» **Data excerpt**
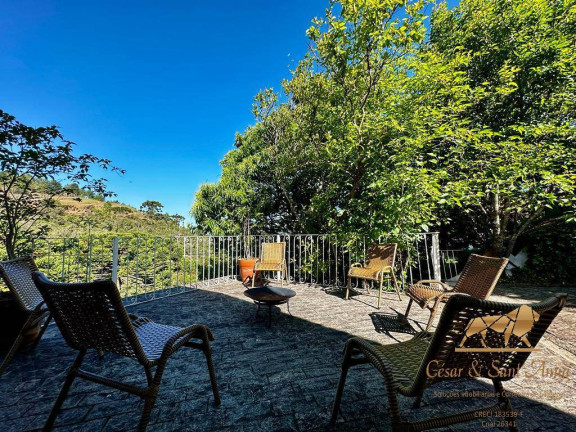 Imagem Casa de Condomínio com 4 Quartos à Venda, 1.350 m² em Vale Encantado - Campos Do Jordão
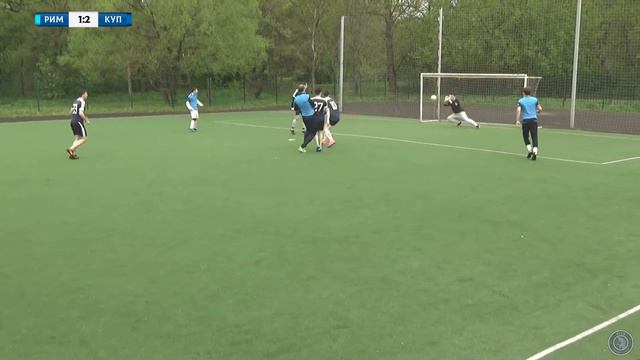 Второй Див. Купчино - Римская (тур 4)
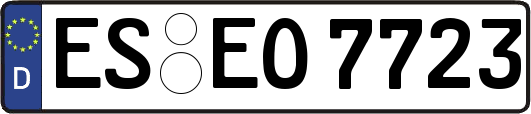 ES-EO7723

» **What is expected**
Return the listing above in full and exactly, omitting all pictures.

» **Exercise solution**
 Imagem Casa de Condomínio com 4 Quartos à Venda, 1.350 m² em Vale Encantado - Campos Do Jordão
 Второй Див. Купчино - Римская (тур 4)
 ES-EO7723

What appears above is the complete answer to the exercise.